O Iluminismo é a principal corrente que contribui para a virada do pensamento humano para o racionalismo. Como essa corrente filosófica tem implicações políticas, sociais e morais, ela contribuiu para o avanço da secularização no ocidente.
O Iluminismo deixou grandes marcas na História.
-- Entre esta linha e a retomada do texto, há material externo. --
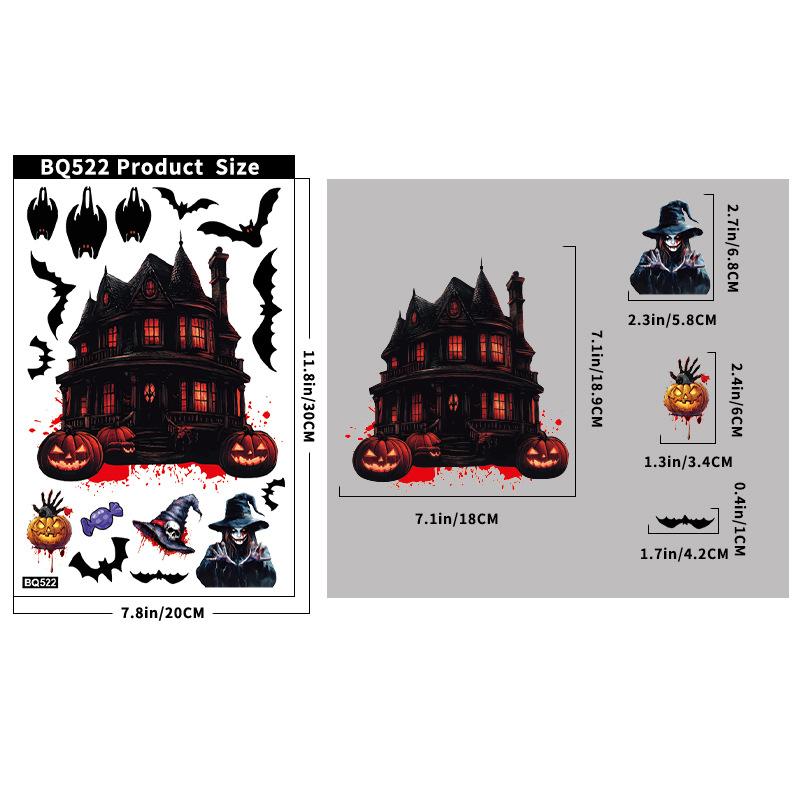 Death Scythe Terror Bat Ghost Static Electricity Stickers Halloween Decorations Creative Pumpkin Reaper Glass Stickers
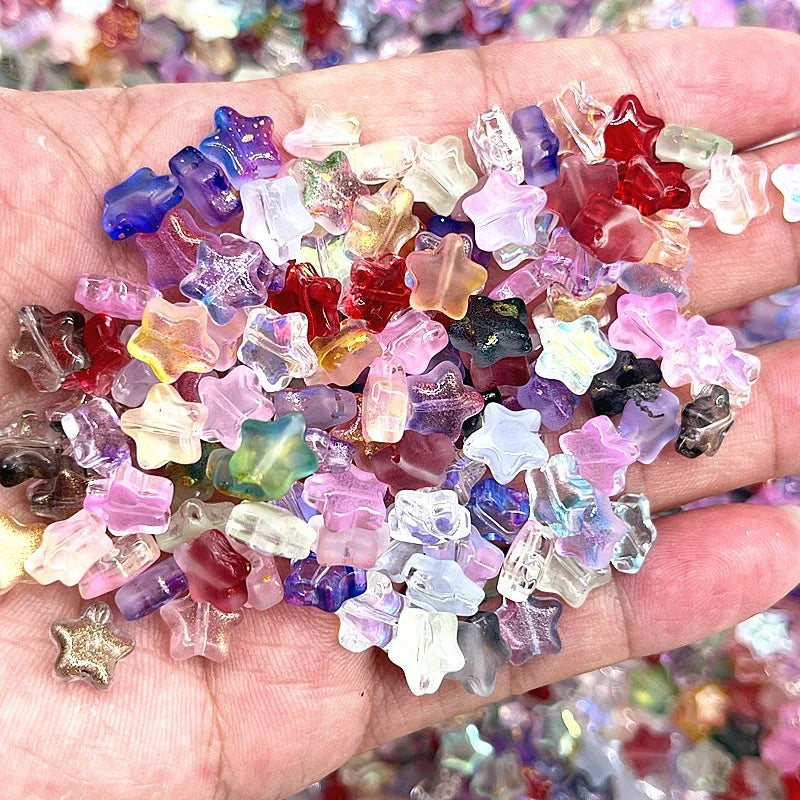 New 30pcs 8mm Five-pointed Star Matte Glass Beads Loose Spacer Beads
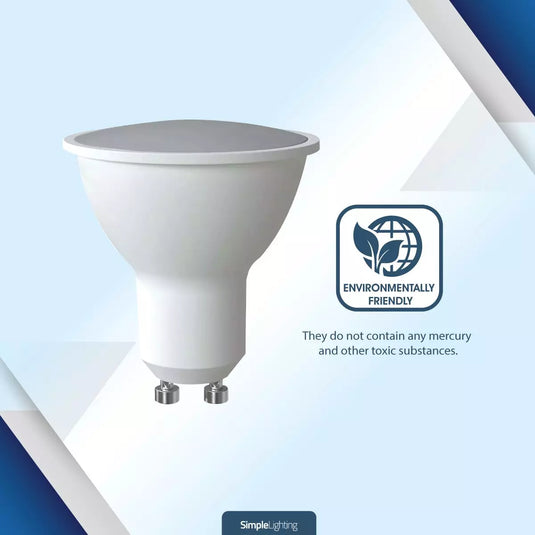 10 x 5w GU10 LED Bulbs environmentally friendly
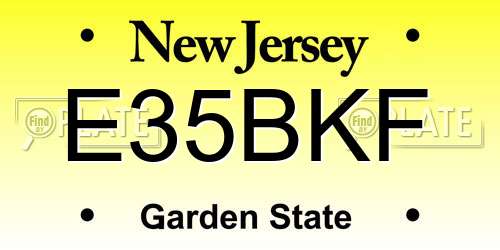 E35BKF New Jersey License Plate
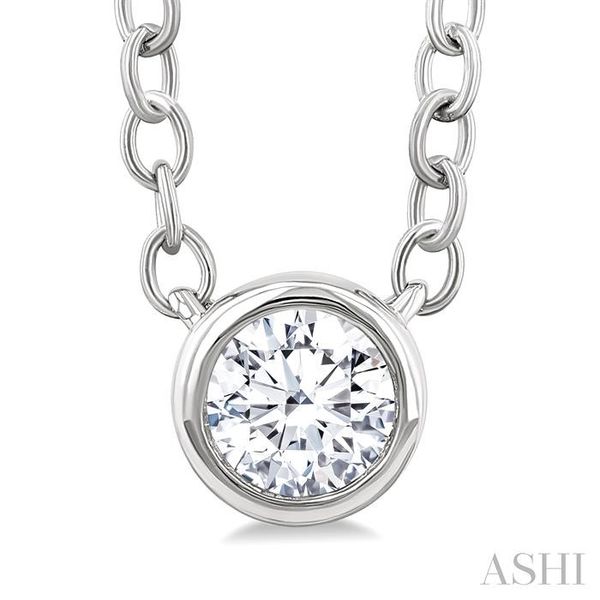 1/6 Ctw Petite Bezel Set Round Cut Diamond Fashion Pendant With Chain in 10K White Gold Image 3 Becker's Jewelers Burlington, IA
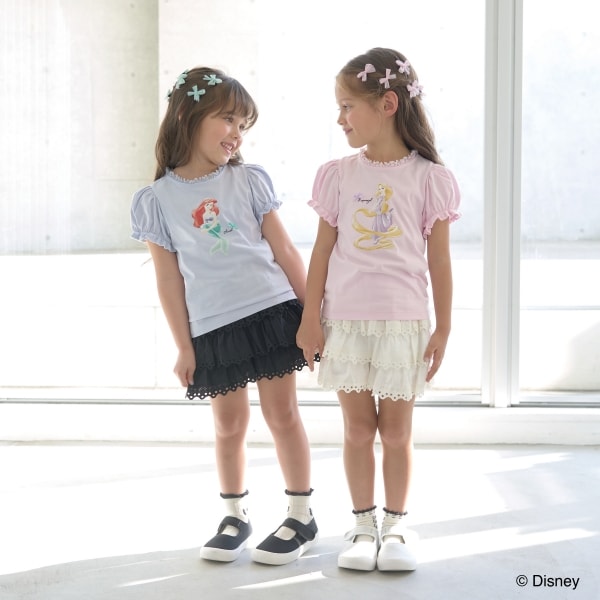 Japanese children's clothing Ly# mine x Disney puff sleeve top 100-140cm girls spring and summer TOPS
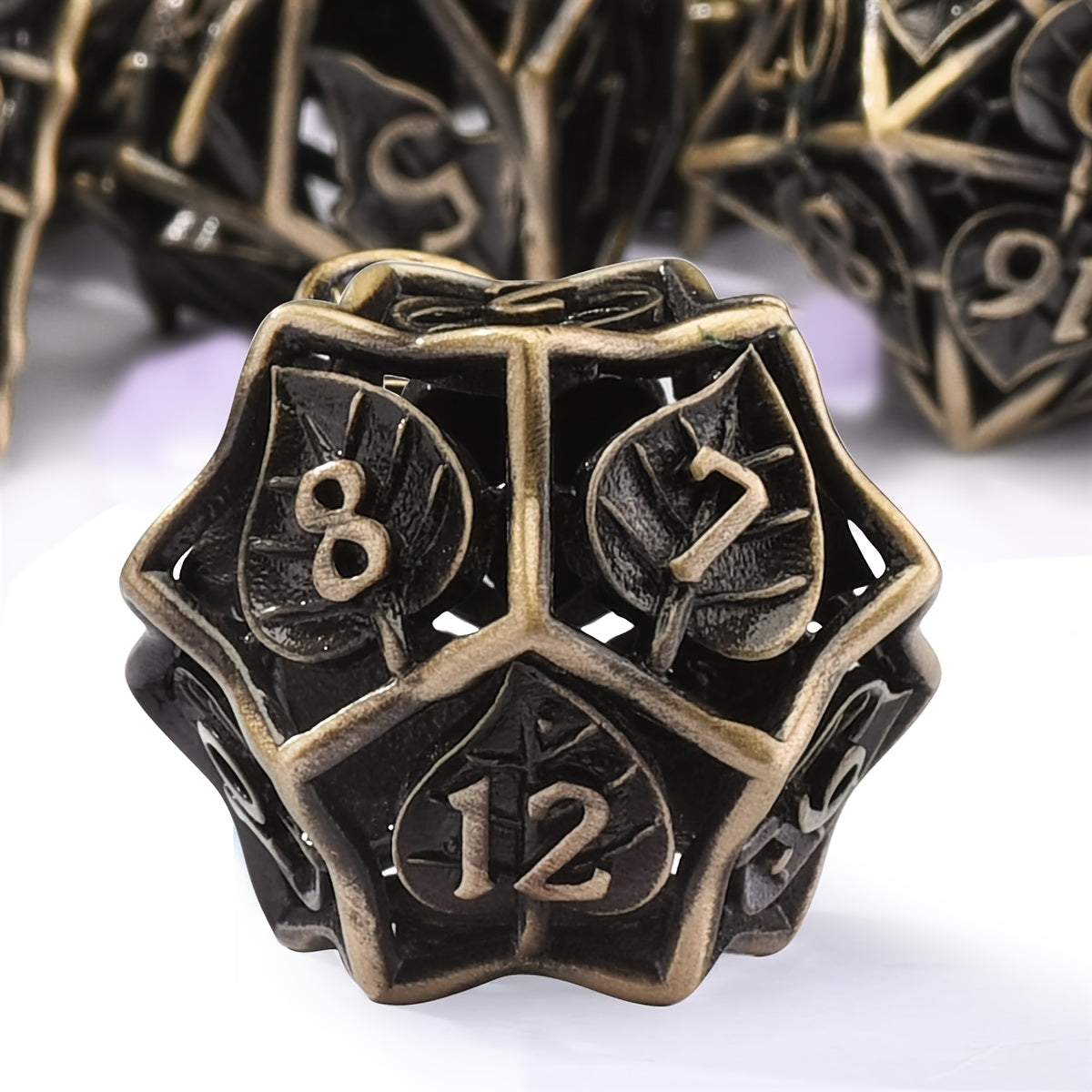 Metal Dice Set - Hollow Enchanted Leaf Ancient Bronze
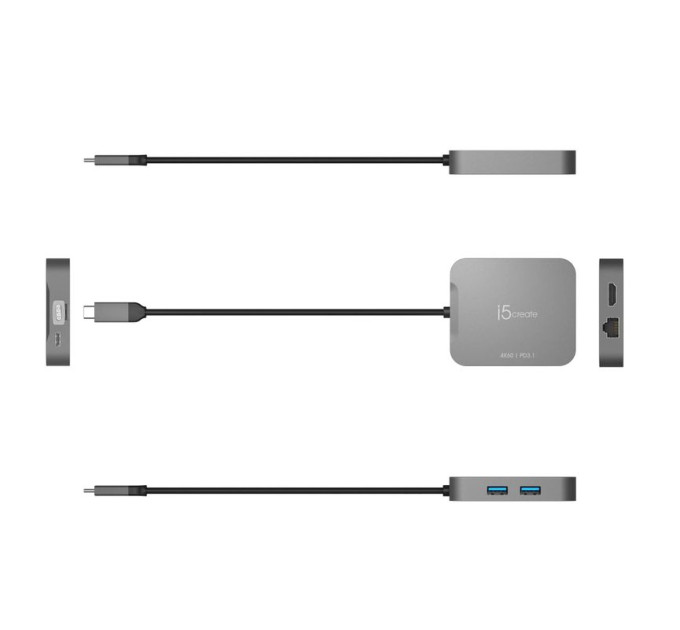 J5create Багатопортовий мультиадаптер J5create JCD3191-N, USB Type-C 5-в-1 білий
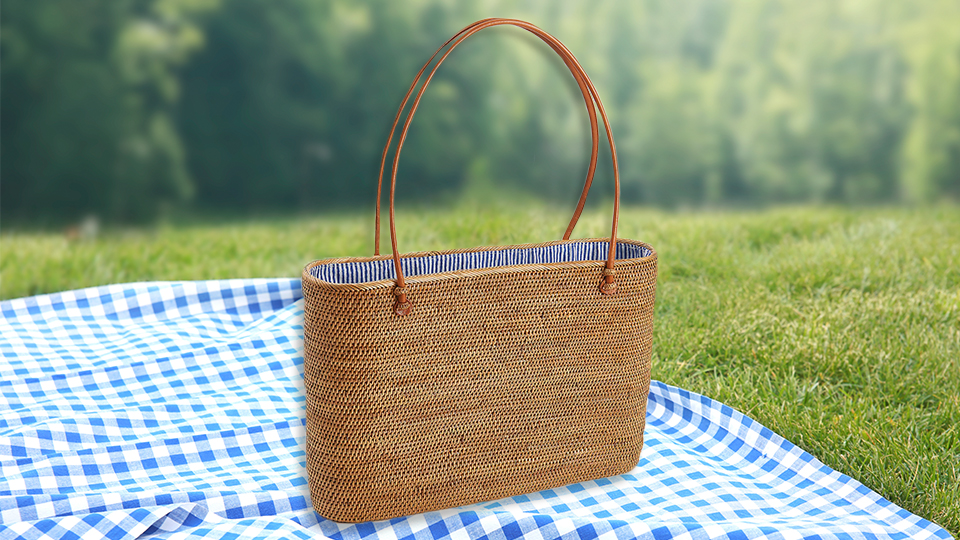 STYLECASTER | Poppy & Sage Rattan Drawstring Tote Harper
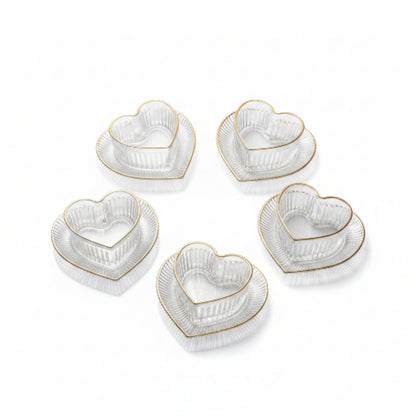 12pc Heart Gold Rim Dessert Bowl & Saucer Set – Elegant Glass Serving Set On White Background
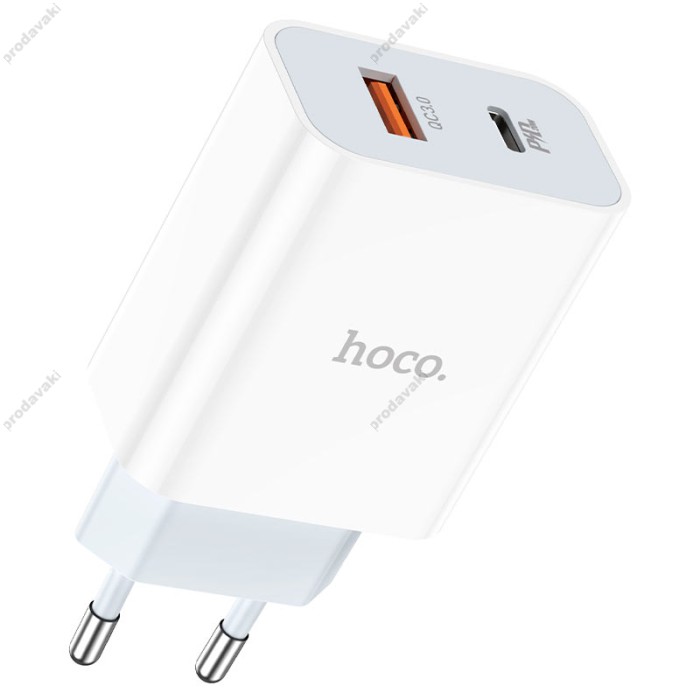 Мережевий зарядний пристрій HOCO C97A dual port charger Lightning cable 20W White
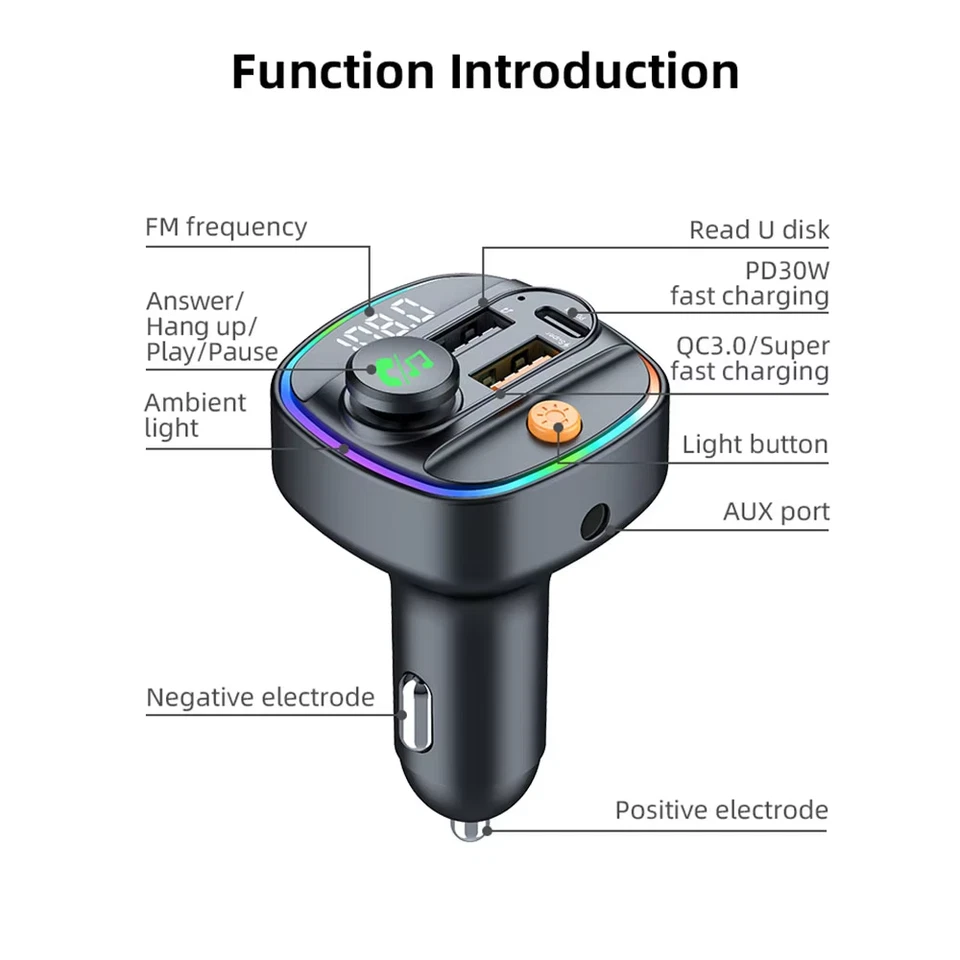 Bluetooth 5.3 FM Transmitter Car AUX Radio Modulator MP3 Player Hands-Free - Image 3 of 3
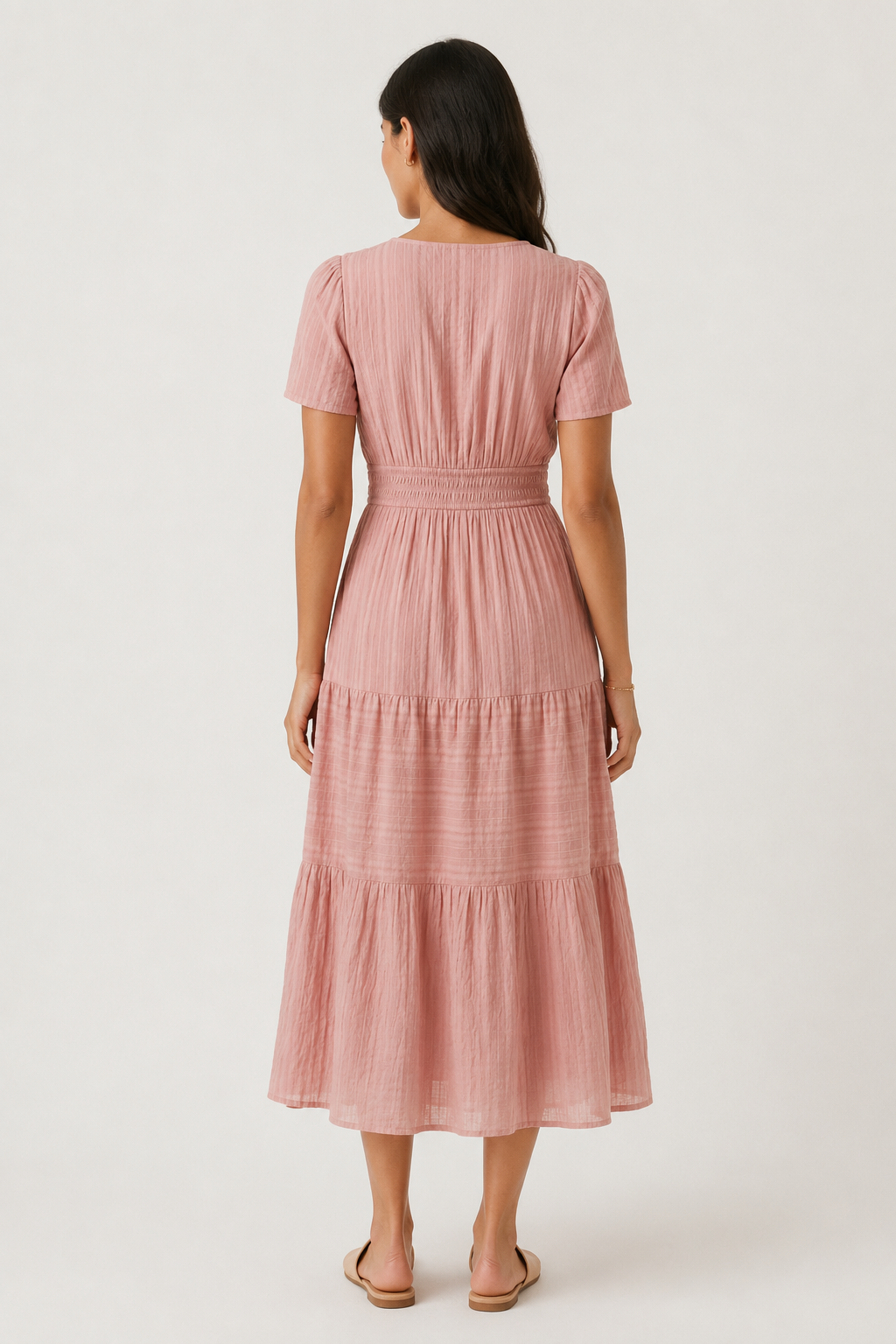 Solene Cotton Midi Dress - Elegant Everyday Summer Dress with Pockets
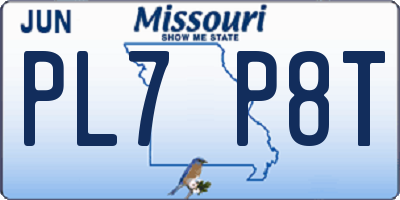 MO license plate PL7P8T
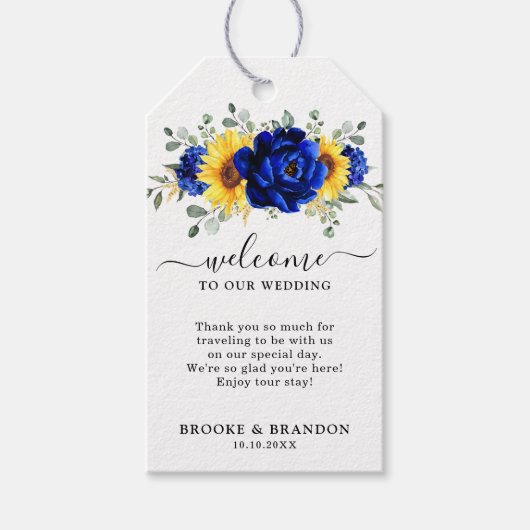 Royal Blue Rustic Sonnenblume Moderne Hochzeit Wil Geschenkanhänger (Vorderseite)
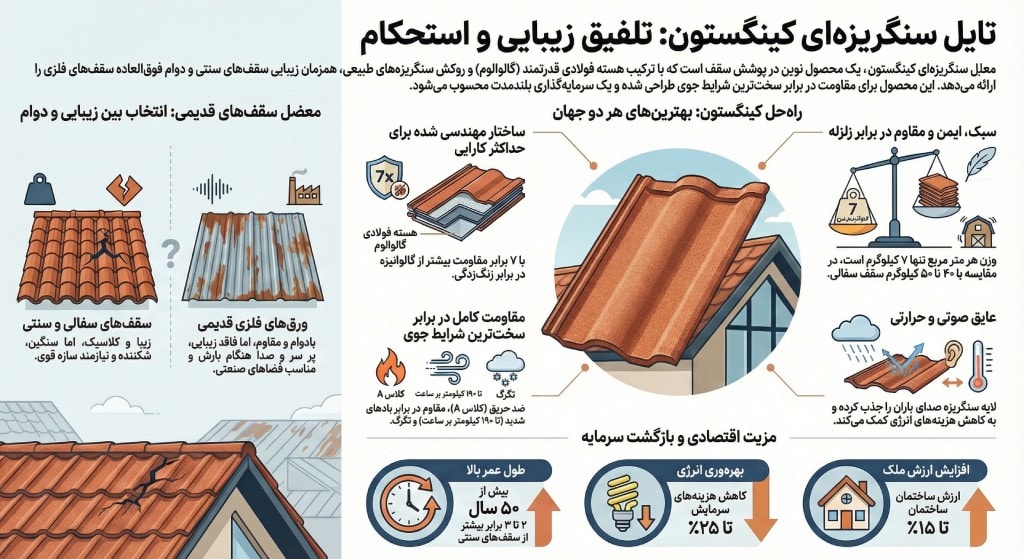 راهنمای تصویری تایل سنگریزهای کینگستون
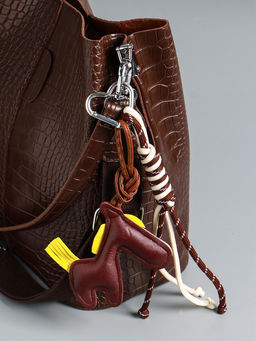 Брелок для ключей на карабине кожзам, текстиль «Лошадка с сердечком», с узлом, на сумку, рюкзак, 26×10×1.5 см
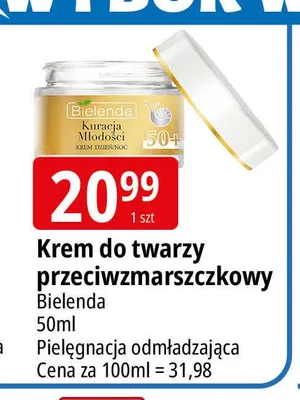 Krem do twarzy przeciwzmarszczkowy Bielenda Kuracja Młodości promocja w Leclerc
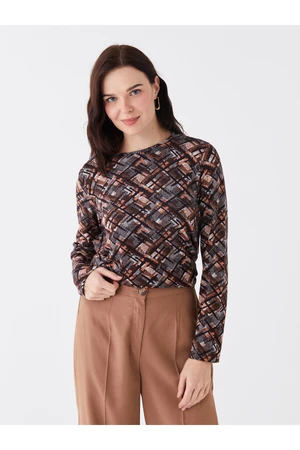 LC Waikiki Women's Crew Neck Patterned Long Sleeve Blouse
Suas principais características foram:
a razão é considerada o fator primordial e legítimo para alcançar a verdade e o conhecimento;
o avanço da ciência e a crença de que ela é o único meio para o conhecimento;
repúdio às crenças religiosas;
desejo de eliminar todos os elementos sociais que remetem à monarquia, à nobreza, ao mercantilismo e à Igreja Católica;
a defesa de maior liberdade política e econômica;
o naturalismo: crença de que a natureza era capaz de explicar o comportamento da sociedade;
o predomínio da burguesia;
o ato de questionar tudo era valorizado;
criou a base do republicanismo ocidental moderno: adesão a uma comunidade política de cidadãos com leis escritas;
a sociedade e a organização do Estado são um campo aberto para experiências e abstrações da mente humana; toda a ordem política antiga, suas convenções e experiências devem ser descartadas em prol das novas propostas iluministas.
É a partir dos escritos dos iluministas que os Estados passam a romper com as hierarquias religiosas e assumirem a autoridade completa do poder para si.